# Jobs



## Wardenclyffe (Jan 11, 2019)

https://www.indeed.com/q-Electrician-l-Alaska-jobs.html?vjk=08652462b4e15e8c


----------



## Almost Retired (Sep 14, 2021)

mbovee said:


> Does anybody know of any good companies hiring entry level guys? I attended NLC and have an unrestricted cdl.
> Any ideas are much appreciated


what is your location?
we have guys here from the NWT in canada to florida, and main to southern cal, and everywhere in between
if you are willing to move most of us can give you an opportunity to check
if you dont want to move give us an area of your choosing


----------



## MikeFL (Apr 16, 2016)

mbovee said:


> Does anybody know of any good companies hiring entry level guys? I attended NLC and have an unrestricted cdl.
> Any ideas are much appreciated


If NLC = _Northwest Lineman College_ I suggest checking with electric utilities and also with contractors who cater to public utilities, such as MasTech.


----------



## mbovee (6 mo ago)

Almost Retired said:


> what is your location?
> we have guys here from the NWT in canada to florida, and main to southern cal, and everywhere in between
> if you are willing to move most of us can give you an opportunity to check
> if you dont want to move give us an area of your choosing


I'm currently in north Texas but I am up for a change. I'd like a colder climate. preferably Idaho, Montana, Wyoming, Colorado. somewhere like that.


----------



## Almost Retired (Sep 14, 2021)

mbovee said:


> I'm currently in north Texas but I am up for a change. I'd like a colder climate. preferably Idaho, Montana, Wyoming, Colorado. somewhere like that.

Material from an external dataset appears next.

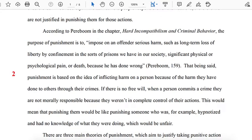In the second paragraph, the author provides important background information about the topic of her paper. She defines punishment and explains the relationship between punishment, free will, and moral responsibility. This background information enables the author to state a key argument in support of her thesis: if we do not have free will, then we are not morally responsible for our actions, and if we are not morally responsible, then punishment is not justified because it is unfair.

if you are interested in instrumentation/plc work
talk to @just the cowboy he is in colorado
and he is always looking for trainees and entry level people


----------



## Almost Retired (Sep 14, 2021)

start reading the past threads on here and check out the location of any person whose work sounds interesting to you
as i said there are many of us almost every where, plenty up north
i am in north central la, so too far south


----------